AIM OF THE TASK.
Transcribe, starting at the line with "Predám Škoda Superb 2.0 TDI DSG 2008 - 13" and ending at the line with "کالسکه و کریر چلینو cbx", every line of the material below exactly, but leave out the pictures and anything outside that span.

SOURCE MATERIAL.
┌────────

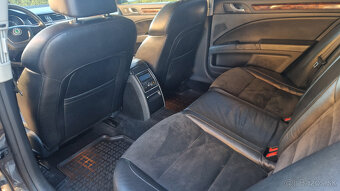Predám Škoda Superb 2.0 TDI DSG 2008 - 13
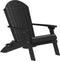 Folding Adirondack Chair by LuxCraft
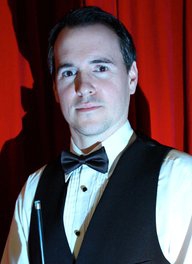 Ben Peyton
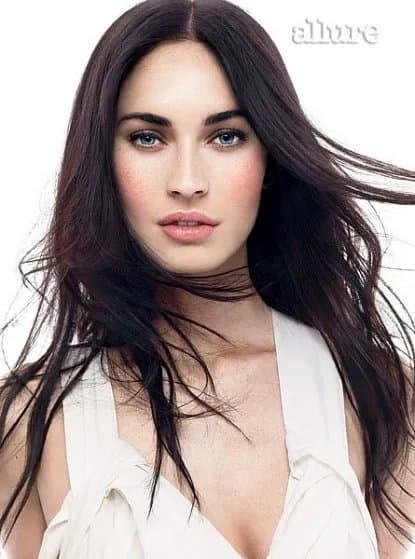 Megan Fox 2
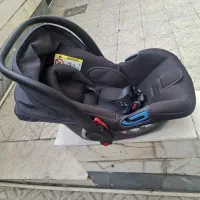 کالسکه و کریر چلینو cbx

└────────
┌────────

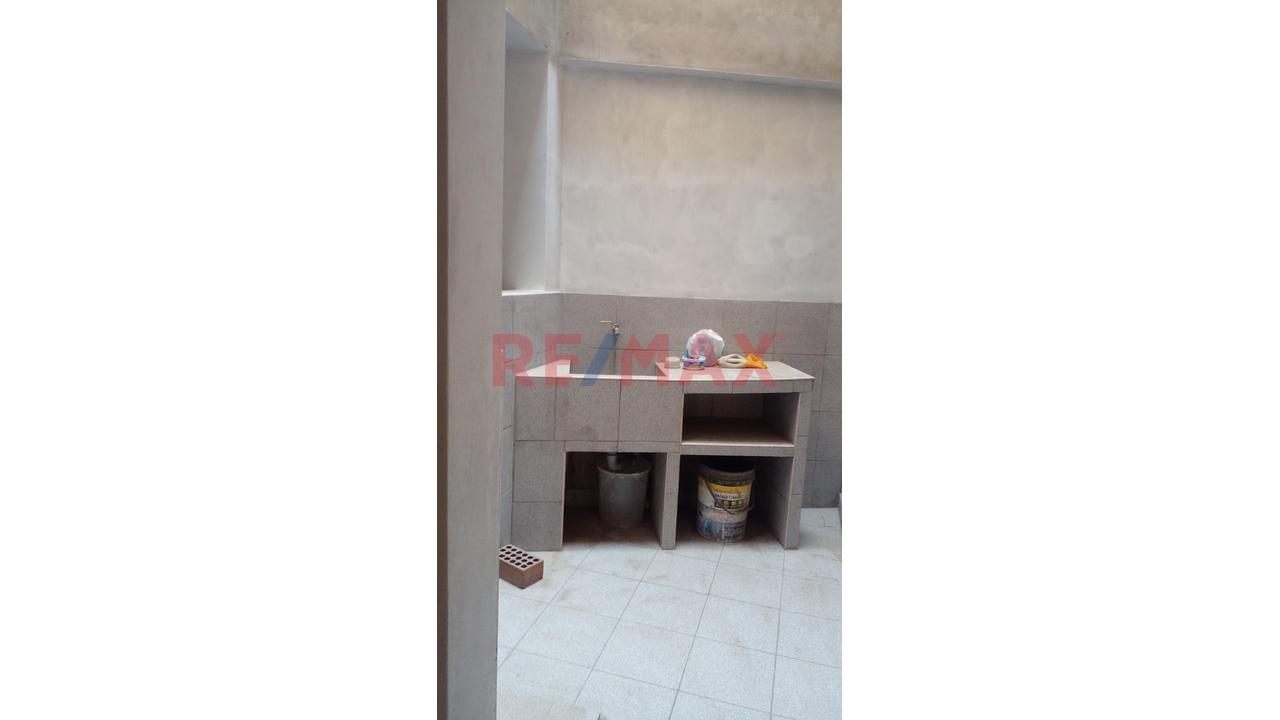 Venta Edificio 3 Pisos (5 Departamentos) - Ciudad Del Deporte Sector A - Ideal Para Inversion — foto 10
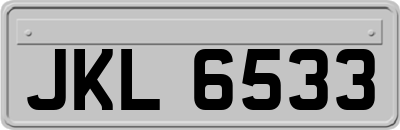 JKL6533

└────────

WRITTEN SOLUTION.
Predám Škoda Superb 2.0 TDI DSG 2008 - 13
 Folding Adirondack Chair by LuxCraft
 Ben Peyton
 Megan Fox 2
 کالسکه و کریر چلینو cbx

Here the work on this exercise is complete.